Data extracted from a collection
•••••

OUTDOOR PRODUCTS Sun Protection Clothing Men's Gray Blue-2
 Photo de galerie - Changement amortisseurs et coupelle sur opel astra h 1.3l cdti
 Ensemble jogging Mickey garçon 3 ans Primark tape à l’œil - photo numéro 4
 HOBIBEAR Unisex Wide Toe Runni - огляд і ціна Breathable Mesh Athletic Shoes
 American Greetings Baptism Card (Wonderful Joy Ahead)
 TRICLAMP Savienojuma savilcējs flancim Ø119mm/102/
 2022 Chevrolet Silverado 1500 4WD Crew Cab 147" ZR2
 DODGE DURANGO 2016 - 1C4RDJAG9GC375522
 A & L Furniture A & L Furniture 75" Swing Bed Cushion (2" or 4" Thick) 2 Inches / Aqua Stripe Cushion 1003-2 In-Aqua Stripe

•••••

TASK DIRECTIONS
Repeat the entries above verbatim.

RESULT
OUTDOOR PRODUCTS Sun Protection Clothing Men's Gray Blue-2
 Photo de galerie - Changement amortisseurs et coupelle sur opel astra h 1.3l cdti
 Ensemble jogging Mickey garçon 3 ans Primark tape à l’œil - photo numéro 4
 HOBIBEAR Unisex Wide Toe Runni - огляд і ціна Breathable Mesh Athletic Shoes
 American Greetings Baptism Card (Wonderful Joy Ahead)
 TRICLAMP Savienojuma savilcējs flancim Ø119mm/102/
 2022 Chevrolet Silverado 1500 4WD Crew Cab 147" ZR2
 DODGE DURANGO 2016 - 1C4RDJAG9GC375522
 A & L Furniture A & L Furniture 75" Swing Bed Cushion (2" or 4" Thick) 2 Inches / Aqua Stripe Cushion 1003-2 In-Aqua Stripe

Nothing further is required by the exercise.